En Europe, le fonds de pension norvégien KLP a vendu l’équivalent de 58 millions USD d’actions à la suite du lobbying des Samis, un peuple autochtone du nord du pays. Le groupe financier norvégien DNB a quant à lui vendu ses parts dans les prêts concédés au DAPL. En Suède, les images de la police chassant les manifestant.e.s de Standing Rock à coups de canon à eau malgré le froid glacial ont galvanisé des étudiant.e.s et des client.e.s de Nordea.  Ils et elles ont organisé des protestations à l’heure du déjeuner pour perturber les activités d’agences de Nordea dans tout le pays, une tactique qu’ont également appliquée des militant.e.s des Pays-Bas contre ING et ABN Amro.

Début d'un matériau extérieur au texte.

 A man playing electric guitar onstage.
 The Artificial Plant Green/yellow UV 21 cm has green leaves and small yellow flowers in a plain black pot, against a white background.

Grâce à la pression populaire, et entre autres à des journées internationales d’action coordonnées, BayernLB, en Allemagne, BNP Paribas, en France, et Intesa Sanpaolo, en Italie, ont cédé leurs participations financières dans le DAPL. BBVA, en Espagne, et Barclays, au Royaume-Uni, ont également été prises pour cible.

Methodologie

Les financements destinés aux entreprises suivantes ont été analysés pour la période comprise entre janvier 2012 et septembre 2017 :

Trans Adriatic Pipeline AG, BP PLC, Azerbaijan Respublikasi Dovlat Neft Shirkati (SOCAR), SNAM SpA, Fluxys SA, Axpo Holding AG

RWE AG, Cuadrilla Resources Ltd, Third Energy Ltd, INEOS Group Ltd, Europa Oil and Gas (Holdings) plc, Enagas SA, Transport et Infrastructures Gaz France SA (TIGF), GRTgaz SA, CEZ as, Polska Grupa Energetyczna (PGE)

ENEA SA, ENERGA SA, Kompania Weglowa SA, Royal Dutch Shell plc, Exxon Mobil Corporation, Swedegas AB.

Remarques :

Les financements ont été analysés pour les projets et développemetns d’énergies fossiles ci-dessous :

Gazoduc transadriatique (Italie), charbon de Rhénanie (Allemagne), fracturation hydraulique à Preston New Road, Lancashire (Royaume-Uni), forage d’exploration, Ryedale, North Yorkshire (Royaume-Uni), forage d’exploration dans les Midlands (Royaume-Uni), fracturation hydraulique à Leith Hill et Brockham (Royaume-Uni), pipeline de gaz naturel MidCat (Catalogne), expansion de la mine de lignite de ČSA (Horní Jiřetín, République tchèque), expansion de la centrale à charbon de Prunéřov (République tchèque)

Nouvelle centrale à charbon de 1000 MW à la centrale électrique d’Ostrołęka (Pologne), nouvelle centrale à charbon de 500 MW à Turów (Pologne), nouvelle centrale à charbon à proximité de la mine de charbon de Bogdanka (Pologne), champ gazier de Groningen (Pays-Bas), agrandissement des infrastructures charbonnières, pétrolières et gazières du port de Rotterdam (Pays-Bas), terminal GNL de Göteborg (Suède).

La concession de prêts et la prise ferme d’obligations et d’actions ont été analysées au moyen des bases de données financières de Bloomberg et Thomson EIKON. La détention d’obligations et d’actions a été analysée à l’aide de Thomson EIKON, en incluant des données issues de la recherche menée sur la prise ferme d’obligations. IJGlobal et Trade Finance Analytics ont été utilisés pour l’analyse des financements de projets.